Genetic correlations between ED and LD for individual years were high, with rA generally exceeding ca. 0.7, except for density correlations between recently formed earlywood and early formed latewood, i.e. Δyear 5–9 in Table IIb and the upper right part of Table Ad. In this case rA was between 0.4 and 0.5. The genetic correlations between ED and EW were negative, generally rA = − 0.3 to –1.0 (Tab. Ia); it was not possible to discern a genetic correlation between LD and LW because of the large standard errors (Tab. Ib). The phenotypic correlations rP between ED and EW and between LD and LW were generally negative (rP = − 0.1to –0.35); between ED and LD this correlation was positive and highest between adjacent years (low Δyear in Tab. II and close to the diagonal in Tab. Ae). In this case the correlations were generally between 0.5 and 0.6.

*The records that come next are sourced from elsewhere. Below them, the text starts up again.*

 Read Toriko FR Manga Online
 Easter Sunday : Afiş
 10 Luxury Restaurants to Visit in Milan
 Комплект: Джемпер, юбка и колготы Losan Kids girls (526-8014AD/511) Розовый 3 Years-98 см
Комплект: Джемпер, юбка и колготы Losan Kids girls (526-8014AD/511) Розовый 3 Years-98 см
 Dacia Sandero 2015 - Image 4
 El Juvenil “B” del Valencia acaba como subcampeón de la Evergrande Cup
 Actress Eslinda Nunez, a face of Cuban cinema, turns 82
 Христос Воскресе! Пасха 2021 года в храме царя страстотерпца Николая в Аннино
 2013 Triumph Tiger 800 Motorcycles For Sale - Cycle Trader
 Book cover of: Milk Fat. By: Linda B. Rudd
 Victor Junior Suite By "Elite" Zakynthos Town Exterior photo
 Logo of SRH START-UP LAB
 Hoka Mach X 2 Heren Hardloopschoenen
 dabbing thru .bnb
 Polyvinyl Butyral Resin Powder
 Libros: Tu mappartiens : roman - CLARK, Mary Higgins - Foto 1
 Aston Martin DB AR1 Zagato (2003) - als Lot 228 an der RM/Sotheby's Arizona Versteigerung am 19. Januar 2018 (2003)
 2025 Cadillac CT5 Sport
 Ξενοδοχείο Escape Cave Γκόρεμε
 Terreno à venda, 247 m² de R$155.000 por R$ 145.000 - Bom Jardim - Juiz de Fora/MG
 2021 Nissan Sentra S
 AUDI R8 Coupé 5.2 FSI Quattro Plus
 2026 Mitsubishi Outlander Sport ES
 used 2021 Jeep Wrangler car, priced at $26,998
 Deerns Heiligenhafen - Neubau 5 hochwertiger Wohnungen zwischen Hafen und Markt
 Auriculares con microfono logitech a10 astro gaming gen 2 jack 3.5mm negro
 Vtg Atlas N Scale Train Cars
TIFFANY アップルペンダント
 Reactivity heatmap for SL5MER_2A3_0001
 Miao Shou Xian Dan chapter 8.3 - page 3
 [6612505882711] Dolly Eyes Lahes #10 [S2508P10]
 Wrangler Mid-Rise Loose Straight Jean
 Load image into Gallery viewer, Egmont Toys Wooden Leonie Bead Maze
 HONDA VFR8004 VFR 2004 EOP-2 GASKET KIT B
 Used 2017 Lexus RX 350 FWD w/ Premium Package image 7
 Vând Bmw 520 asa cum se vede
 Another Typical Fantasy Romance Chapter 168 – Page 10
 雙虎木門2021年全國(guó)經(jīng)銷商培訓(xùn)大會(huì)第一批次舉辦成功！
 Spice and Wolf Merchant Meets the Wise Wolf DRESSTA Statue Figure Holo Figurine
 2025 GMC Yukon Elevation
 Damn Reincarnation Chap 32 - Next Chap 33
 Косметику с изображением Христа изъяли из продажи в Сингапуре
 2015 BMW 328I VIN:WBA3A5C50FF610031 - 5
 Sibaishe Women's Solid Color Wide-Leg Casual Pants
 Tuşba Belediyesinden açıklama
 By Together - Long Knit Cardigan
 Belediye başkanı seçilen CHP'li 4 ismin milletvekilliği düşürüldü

Height (H01) exhibited a weak negative genetic correlation with ED, with rA often close to zero (Tab. I), and a weak correlation with LD (rA is higher but has large standard errors, Tab. I). In addition, stem diameter (D01) showed negative genetic correlations with ED and LD (rA = − 0.21to –0.67; Tab. I) (for these correlations, see also the online material 1, Figs. Aa–Ad 1). The influence of the covariate was also very limited in this case. When considering the growth traits and average density of the 10 annual rings (EDtot and LDtot, respectively), the genetic correlations were negative. For EDtot they were rA = − 0.31 and rA = − 1.10 with H01 and D01, respectively, and for LDtot they were rA = − 0.11 and rA = − 0.96, respectively (Tab. III). The phenotypic correlations were generally low and no covariate effect was observed (data not shown). Between EDtot and LDtot the genetic and environmental correlations were strongly positive (rA = 0.72 and rE = 0.57, respectively). The heritability for height was 0.29 and for stem diameter 0.10, and the genetic correlation between them was 0.42 (Tab. III). Lower heritability for stem diameter than for height is normal, and one reason is uneven competition due to irregular spacing caused by early mortality.
4. DISCUSSION
There was no substantial change in the average ED throughout the 10-year period, while LD increased, albeit with a drop in the penultimate year (Tab. I and Fig. 1a). When whole ring density was analysed for the same data (Fries and Ericsson, 2006), using the total ring width of the corresponding annual ring as a covariate eliminated the negative genetic correlation between height and wood density, and the environmental correlation between density and stem diameter. However, the negative genetic correlation between density and stem diameter remained. In the present study, with separate analyses of earlywood and latewood, none of the corresponding correlations changed when the analysis incorporated a covariate. Since data for all annual rings was only available for a few individuals, the standard errors were, however, rather high (Tab. III). In a study of whole ring density by Li and Wu (2005), the effect of introducing the ring area as a covariate when analysing correlations and heritabilities was that the high variability disappeared. The variation without a covariate could be a consequence of annual variation in the relationship between earlywood and latewood becoming confounded with densities when analysing whole ring density rather than earlywood and latewood separately. Thus, the lack of influence of the width of the corresponding wood section is consistent with the hypothesis that separating earlywood and latewood in density analyses reduces the effect of annual variation in radial growth.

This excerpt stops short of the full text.